Here’s a great economic development strategy for the oldest state in the nation — treat college-educated young people as pariahs.
Rather than encourage these people to begin to put down roots and get involved in the local community, ensure that you are as unwelcoming as possible. Accuse them of fraud. Blame them when local elections didn’t go the way you wanted. Put up barriers making it harder for them to vote locally.
Earlier this week, Charlie Webster, head of the Maine Republican Party, held up a list he said showed 206 college students from other states have illegally voted in Maine.
“The simple fact that 206 people, here on ‘out of state tuition,’ are actually voting to decide who will represent our communities in the state Legislature ought to concern Mainers,” Mr. Webster said in a press release, written in all capital letters and replete with misspellings.
Actually, Mr. Webster, the U.S. Supreme Court — the ultimate interpreter of the U.S. Constitution — ruled in 1979 that college students are completely within their rights to vote where they attend school.
Mr.
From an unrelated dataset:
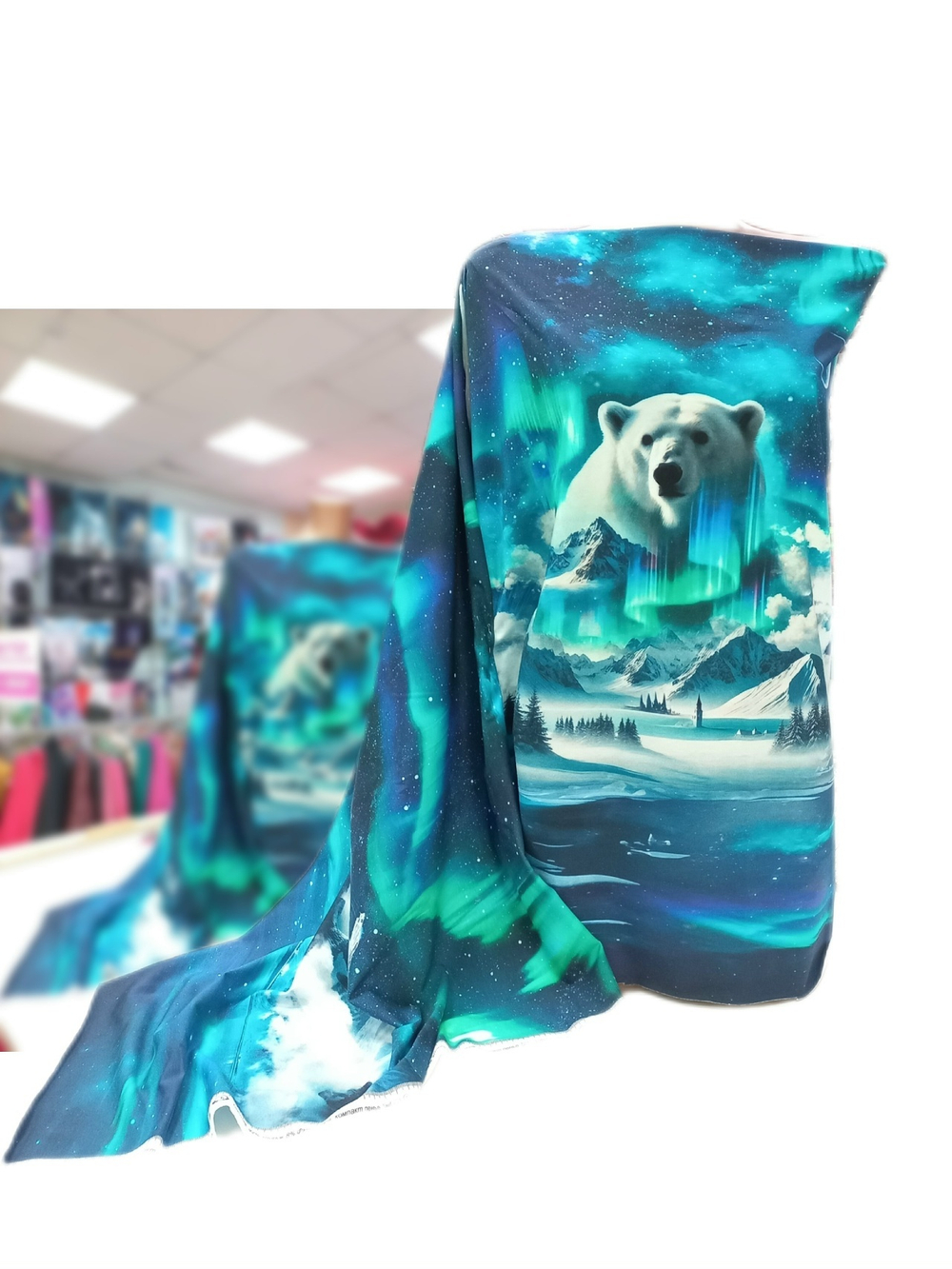 Футер 2х нитка петля Полярный Мишка высота 80см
Webster’s evidence of fraud appears to be his combination of two lists that are not related and rely on completely different standards. One is a list of students who pay out-of-state tuition at Maine’s public universities.
The other is a list of people who registered to vote in college towns. If people appeared on both lists, Mr. Webster accused them of fraud.
Here’s a simple flaw in his logic: By University of Maine System rules, which aren’t clearly written or easy to understand, we’ll admit, a student generally must live in Maine for a year before qualifying for in-state tuition. By law, a student can legally list a college dorm as his address. By Mr. Webster’s logic, a student who comes from another state to attend college in Maine could not be allowed to vote in Maine for at least a year. This isn’t the law, even if Mr. Webster wishes it were.